Second, these same facts also establish that the Doe Plaintiffs' request to proceed under pseudonyms is made "to preserve privacy in a matter of sensitive and highly personal nature." James, 6 F.3d at 238. Specifically, they highlight a privacy concern relating to religious faith and their relatives' immigration status that, if disclosed, could jeopardize their safety in foreign countries. Both topics have been deemed to be sufficiently sensitive and personal in nature to support plaintiffs' use of pseudonyms under appropriate circumstances. See, e.g., Doe v. Stegall, 653 F.2d 180, 186 (5th Cir. Unit A Aug. 1981) (holding that plaintiffs challenging the constitutionality of school prayer could proceed anonymously in part because "religion is perhaps the quintessentially private matter"); Hispanic Interest Coal. of Alabama v. Governor of Alabama, 691 F.3d 1236, 1247 & n.8 (11th Cir. 2012) (identifying cases in which courts protected the disclosure of information about the plaintiffs' immigration status). Because the Doe Plaintiffs' relatives are currently awaiting approval of, issuance of, or the ability to use immigrant visas to enter the United States and have allegedly been stymied by the Executive Order, they presently have a problematic immigration status that, if disclosed, could dissuade the Doe Plaintiffs from pursuing their rights in court. Cf. Lozano v. City of Hazelton, 496 F. Supp. 2d 477, 510 (M.D. Pa. 2007) (considering the plaintiffs "problematic immigration status" as undocumented immigrants as a basis to permit the use of pseudonyms in a case challenging local ordinances relating to housing and employment), aff'd in relevant part, 620 F.3d 170 (3d Cir. 2010), vacated and remanded on other grounds, 563 U.S. 1030 (2011).
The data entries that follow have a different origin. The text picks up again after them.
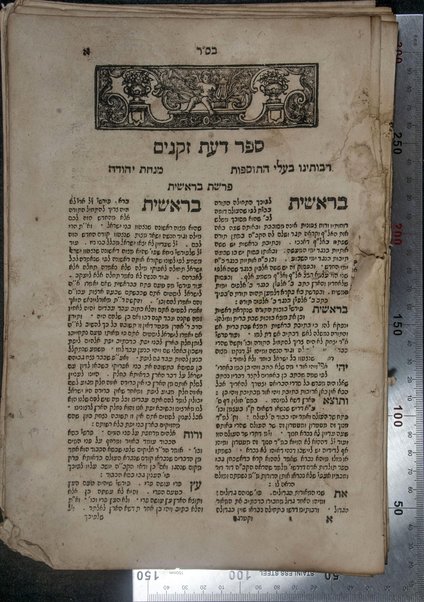 Sefer Daʻat zeḳenim : ṿe-hu ḥibur kolel ʻal ha-Torah : ha-rishon me-rabotenu baʻale ha-Tosafot ... ṿe-ha-sheni sefer Minḥat Yehudah me-rabenu Yehudah bar Eli'ezer : uve-tokho ... mafteḥot ... ḳarati be-shem ʻAfar Yaʻaḳov ... / Yitsḥaḳ Yosef Nunes Ṿais.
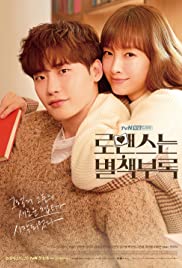 Romance Is a Bonus Book Romance Is a Bonus Book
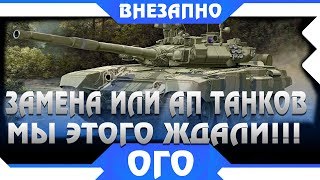 Превью: АПЫ И ЗАМЕНЫ ТАНКОВ В WOT 2019! МЫ ВСЕ ЭТОГО ЖДАЛИ ВОТ! КАКИЕ ТАНКИ ЗАМЕНЯТ ИЛИ АПНУТ world of tanks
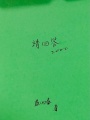 請回答2000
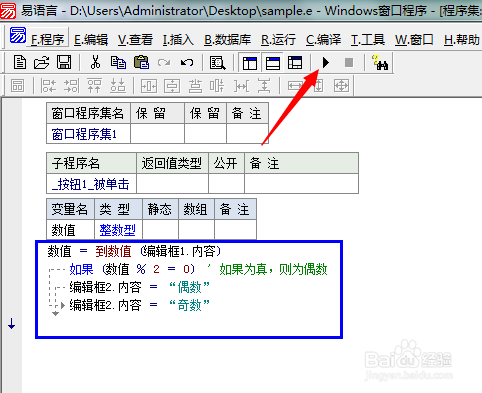 易語言基礎教程之條件選擇結構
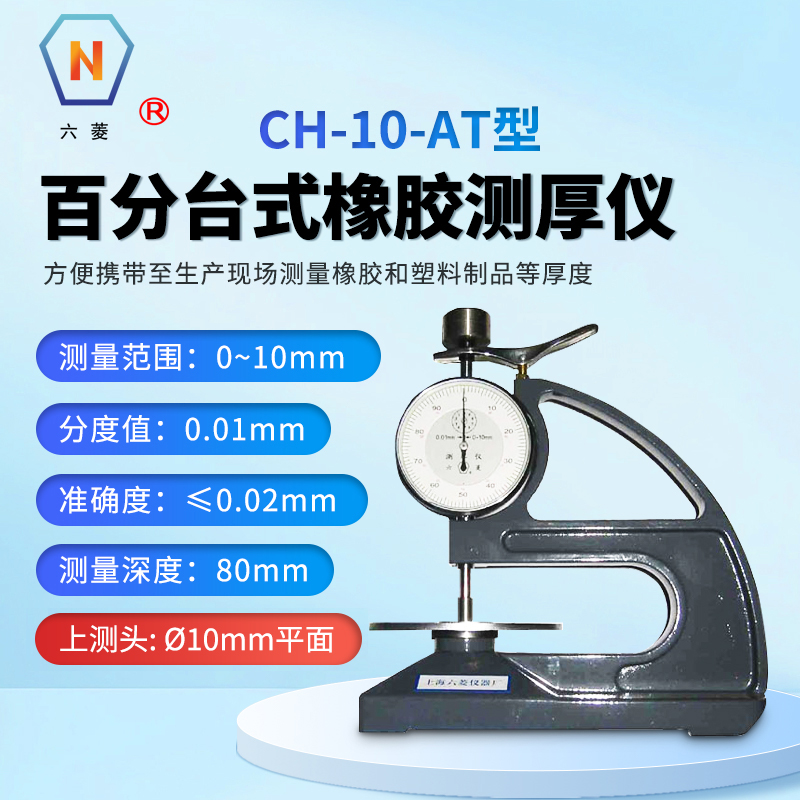上测头沥青防水卷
Similarly, disclosure of the religious identity of certain Doe Plaintiffs and their family members creates the potential for physical harm from individuals abroad and could deter the Doe Plaintiffs from pursuing their rights. The Doe Plaintiffs' desire to avoid disclosure of such information thus goes beyond protecting them from the "annoyance and criticism that may attend any litigation." James, 6 F.3d at 238.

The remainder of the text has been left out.